Fairborne Energy Ltd.
TSX : FEL

Fairborne Energy Ltd.

September 15, 2009 08:03 ET

Fairborne Energy Ltd. Announces $50 Million Bought Deal Financing

CALGARY, ALBERTA--(Marketwire - Sept. 15, 2009) -

NOT FOR DISTRIBUTION TO U.S. NEWS WIRE SERVICES OR FOR DISSEMINATION IN THE U.S.

Fairborne Energy Ltd. ("Fairborne" or the "Company") (TSX:FEL) is pleased to announce that it has entered into an agreement with a syndicate of underwriters co-led by Cormark Securities Inc. and RBC Capital Markets and including First Energy Capital Corp., CIBC World Markets Inc. and National Bank Financial Inc. to issue, on a bought deal basis, 7,060,000 common shares ("Common Shares") at a price of $4.25 per Common Share and 3,780,000 common shares on a flow-through basis ("Flow-Through Common Shares") at a price of $5.30 per Flow-Through Common Share for aggregate gross proceeds of approximately $50 million.

Fairborne has also granted the underwriters an option (the "Over-Allotment Option") to purchase up to an additional 1,059,000 Common Shares to cover over-allotment, if any, for additional gross proceeds of approximately $4.5 million. The Over-Allotment Option is exercisable in whole or in part for a period of 30 days following closing of the Offering.

Proceeds of the offering will be initially used to reduce debt and fund a portion of the Company's ongoing capital program with the Flow-Through Common Share proceeds used to incur eligible Canadian exploration expenditures that will be renounced to subscribers effective on or before December 31, 2009. The Common Shares and the Flow-Through Common Shares will be offered in certain provinces of Canada by way of a short form prospectus.
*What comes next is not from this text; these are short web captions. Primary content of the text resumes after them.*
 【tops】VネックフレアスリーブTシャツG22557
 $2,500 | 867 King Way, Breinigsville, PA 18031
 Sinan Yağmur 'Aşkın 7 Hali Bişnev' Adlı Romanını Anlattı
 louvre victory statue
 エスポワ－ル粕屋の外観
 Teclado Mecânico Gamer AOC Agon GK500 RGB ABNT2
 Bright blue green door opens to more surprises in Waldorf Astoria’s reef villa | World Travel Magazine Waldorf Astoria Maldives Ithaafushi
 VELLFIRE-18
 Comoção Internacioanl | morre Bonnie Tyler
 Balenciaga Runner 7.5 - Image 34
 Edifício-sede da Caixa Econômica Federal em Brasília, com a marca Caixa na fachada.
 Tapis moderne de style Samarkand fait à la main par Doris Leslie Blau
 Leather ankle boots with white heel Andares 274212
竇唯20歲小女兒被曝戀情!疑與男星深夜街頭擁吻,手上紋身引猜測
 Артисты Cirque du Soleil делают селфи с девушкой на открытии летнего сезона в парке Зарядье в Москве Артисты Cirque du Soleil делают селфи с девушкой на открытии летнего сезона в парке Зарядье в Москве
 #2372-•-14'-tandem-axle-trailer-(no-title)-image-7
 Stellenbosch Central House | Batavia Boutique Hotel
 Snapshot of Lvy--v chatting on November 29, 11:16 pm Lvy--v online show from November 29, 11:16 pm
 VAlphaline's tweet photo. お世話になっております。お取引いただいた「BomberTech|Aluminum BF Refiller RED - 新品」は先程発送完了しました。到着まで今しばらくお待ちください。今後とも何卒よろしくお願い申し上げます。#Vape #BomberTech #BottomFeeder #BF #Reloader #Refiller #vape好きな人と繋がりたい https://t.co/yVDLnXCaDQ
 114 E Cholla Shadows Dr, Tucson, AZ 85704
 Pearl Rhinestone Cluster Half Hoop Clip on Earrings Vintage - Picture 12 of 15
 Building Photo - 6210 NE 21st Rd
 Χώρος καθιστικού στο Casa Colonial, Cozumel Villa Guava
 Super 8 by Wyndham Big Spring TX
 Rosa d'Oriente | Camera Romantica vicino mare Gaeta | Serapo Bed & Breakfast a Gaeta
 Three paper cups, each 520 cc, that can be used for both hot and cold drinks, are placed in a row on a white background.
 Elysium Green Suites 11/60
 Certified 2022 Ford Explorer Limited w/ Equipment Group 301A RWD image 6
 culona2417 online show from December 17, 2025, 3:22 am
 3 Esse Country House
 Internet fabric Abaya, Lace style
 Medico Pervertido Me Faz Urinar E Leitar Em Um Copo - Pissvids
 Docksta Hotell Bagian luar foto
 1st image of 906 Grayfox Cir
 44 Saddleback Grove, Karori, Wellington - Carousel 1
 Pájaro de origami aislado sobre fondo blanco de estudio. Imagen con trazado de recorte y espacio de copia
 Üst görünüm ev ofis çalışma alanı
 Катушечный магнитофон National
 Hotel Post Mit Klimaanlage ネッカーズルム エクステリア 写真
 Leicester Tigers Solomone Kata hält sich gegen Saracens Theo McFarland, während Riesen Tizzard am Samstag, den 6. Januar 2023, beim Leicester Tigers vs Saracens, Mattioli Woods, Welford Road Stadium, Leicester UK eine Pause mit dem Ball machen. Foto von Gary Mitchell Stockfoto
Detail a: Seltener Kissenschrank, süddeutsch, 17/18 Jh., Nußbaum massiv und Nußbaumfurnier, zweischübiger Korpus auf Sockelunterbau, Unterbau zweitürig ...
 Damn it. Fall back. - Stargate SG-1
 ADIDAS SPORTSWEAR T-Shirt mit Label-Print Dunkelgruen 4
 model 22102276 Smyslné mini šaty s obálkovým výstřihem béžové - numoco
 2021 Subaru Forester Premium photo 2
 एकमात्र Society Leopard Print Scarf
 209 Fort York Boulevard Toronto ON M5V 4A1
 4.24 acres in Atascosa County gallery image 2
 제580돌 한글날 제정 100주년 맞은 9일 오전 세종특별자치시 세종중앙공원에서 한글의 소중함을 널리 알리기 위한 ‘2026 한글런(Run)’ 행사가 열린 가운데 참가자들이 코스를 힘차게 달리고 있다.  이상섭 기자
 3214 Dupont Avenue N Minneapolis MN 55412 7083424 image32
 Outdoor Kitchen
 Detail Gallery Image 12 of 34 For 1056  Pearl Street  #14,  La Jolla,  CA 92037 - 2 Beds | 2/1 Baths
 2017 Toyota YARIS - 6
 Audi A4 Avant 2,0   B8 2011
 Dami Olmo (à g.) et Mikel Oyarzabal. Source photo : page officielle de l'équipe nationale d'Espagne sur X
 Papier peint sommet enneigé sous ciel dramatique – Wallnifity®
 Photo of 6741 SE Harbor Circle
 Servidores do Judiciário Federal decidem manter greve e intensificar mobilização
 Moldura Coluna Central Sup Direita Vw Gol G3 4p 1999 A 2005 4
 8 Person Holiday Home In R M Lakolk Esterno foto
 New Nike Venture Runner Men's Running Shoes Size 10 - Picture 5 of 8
Closing is expected to occur on or about October 7, 2009 and is subject to certain conditions including, but not limited to, the receipt of all necessary approvals including the approval of the Toronto Stock Exchange.

The securities offered have not been and will not be registered under the U.S. Securities Act of 1933, as amended, and may not be offered or sold in the United States absent registration or applicable exemption from the registration requirements. This press release shall not constitute an offer to sell or the solicitation of an offer to buy nor shall there be any sale of the securities in any jurisdiction in which such offer, solicitation or sale would be unlawful.

ADVISORY: This press release contains forward looking statements. More particularly, this press release contains statements concerning the anticipated closing date of the offering and the anticipated use of the net proceeds of the offering. Although Fairborne believes that the expectations reflected in these forward looking statements are reasonable, undue reliance should not be placed on them because Fairborne can give no assurance that they will prove to be correct. Since forward looking statements address future events and conditions, by their very nature they involve inherent risks and uncertainties. The closing of the offering could be delayed if Fairborne is not able to obtain the necessary regulatory and stock exchange approvals on the timelines it has planned. The offering will not be completed at all if these approvals are not obtained or some other condition to the closing is not satisfied. Accordingly, there is a risk that the offering will not be completed within the anticipated time or at all. The intended use of the net proceeds of the offering by Fairborne might change if the board of directors of Fairborne determines that it would be in the best interests of Fairborne to deploy the proceeds for some other purpose, such as an acquisition.

The forward looking statements contained in this press release are made as of the date hereof and Fairborne undertakes no obligations to update publicly or revise any forward looking statements or information, whether as a result of new information, future events or otherwise, unless so required by applicable securities laws.